South China Sea: The Story of the Tanmen Fishermen Local fishermen are often on the front lines of the South China Sea disputes.


To both domestic and international observers, fishermen from Tanmen, a small fishing town in China’s Hainan province, are the country’s “maritime rights protection” vanguard in the South China Sea. For centuries, Tanmen fishermen have been fishing in the area, particularly in waters near the Scarborough and Spratly islands, and in recent years have been directly involved in some of the major conflicts there, including the 2012 Scarborough Shoal standoff and the 2014 Sino-Vietnam 981 oil rig row. Tanmen fishermen have also been delivering supplies and building materials to China’s Spratly outposts and supporting China’s island building in the South China Sea. Hence, in China, it is said that without Tanmen fishermen, there would be no Sansha city, and perhaps even no South China Sea for China.

While it is certainly true that Tanmen fishermen’s growing presence in the South China Sea is encouraged by the Chinese government to a certain extent, the drastic transformation of Tanmen’s economic structure is the bigger driver. Since 2012, the rise of the giant clam handicraft industry has completely transformed this old fishing town – more and more and more fishermen have turned from traditional fishing to harvesting giant clams and sea turtles, which offer them much higher incomes. In 2002, there were more than 100 fishing vessels from Tanmen, all relying on fishing; however, with the rise of the giant clam handicraft industry, by 2014 there were just three traditional fishing vessels remaining. In the meanwhile, the number of handcraft retailers increased from 15 in 2012 to 460 in 2015, and handcraft workshops increased from a dozen to more than 100 during the same period, not only creating job opportunities for local residents but even attracting workers from other regions.
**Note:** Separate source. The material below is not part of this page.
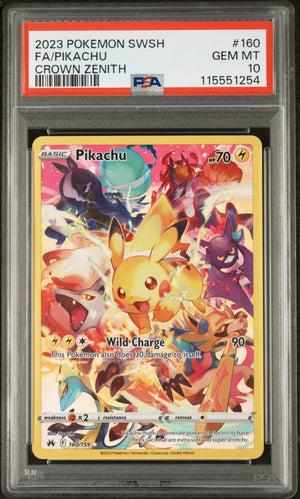 Graded 2023 PKM Sword And Shield Crown Zenith #160 Fa/Pikachu Crown Zenith Trading Card Game PSA 10 Gem Mint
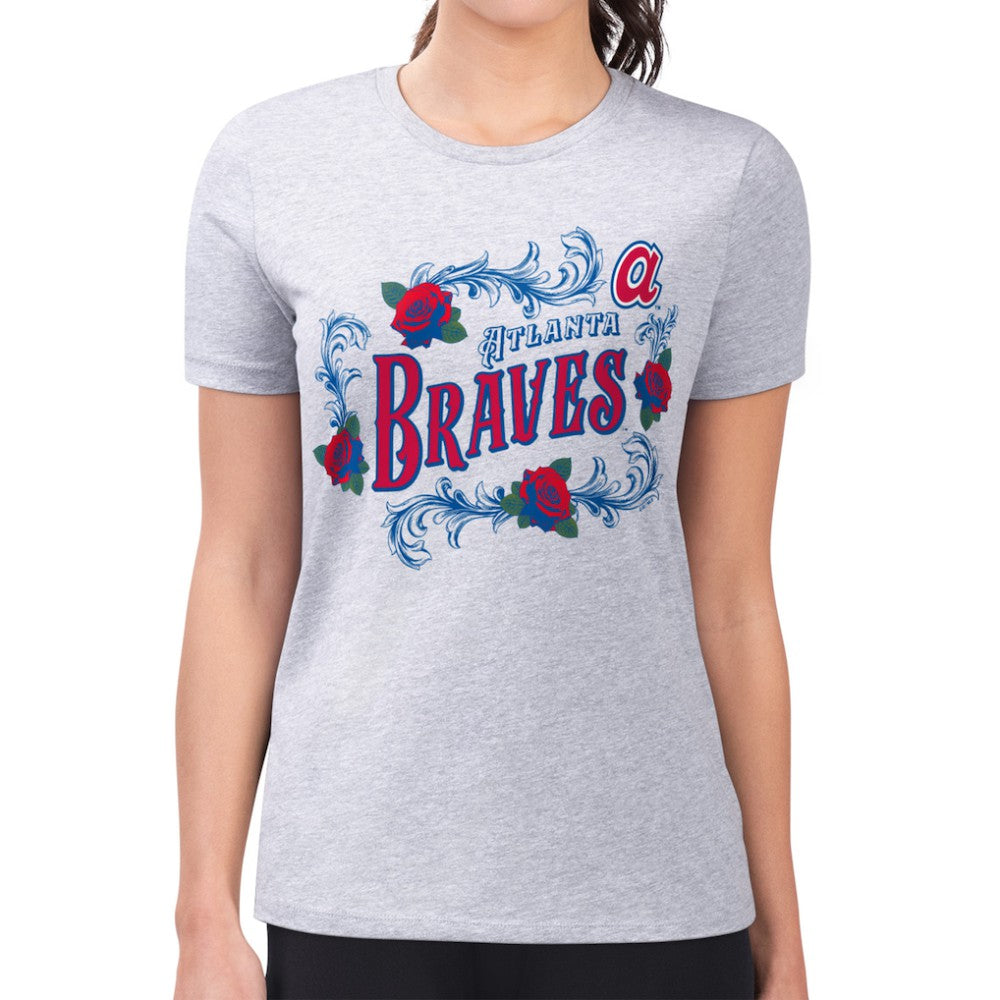 Atlanta Braves G-III 4Her by Carl Banks Women's Super-Slim Fit Lightweight Retro Roses T-Shirt - MLB T-shirts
By 2015, Tanmen’s giant clam industry was supporting nearly 100,000 people, according to estimates.

Because of overharvesting, however, it is increasingly difficult for the Tanmen fishermen to collect enough giant clams and other marine species such as Hawksbill sea turtles from the country’s inshore waters to meet the booming demand. Consequently, prices of raw giant claim have risen by a factor of 40 over the past five years. Driven by huge potential returns, the Tanmen fishermen are expanding their operations further and further, not only in waters near the reefs controlled by other South China Sea claimants within the nine dashed line, but also in neighbouring countries’ EEZs and beyond. It is not unusual for Tanmen fishermen to travel across China’s proclaimed nine dashed line to harvest the giant clams, corals and sea turtles.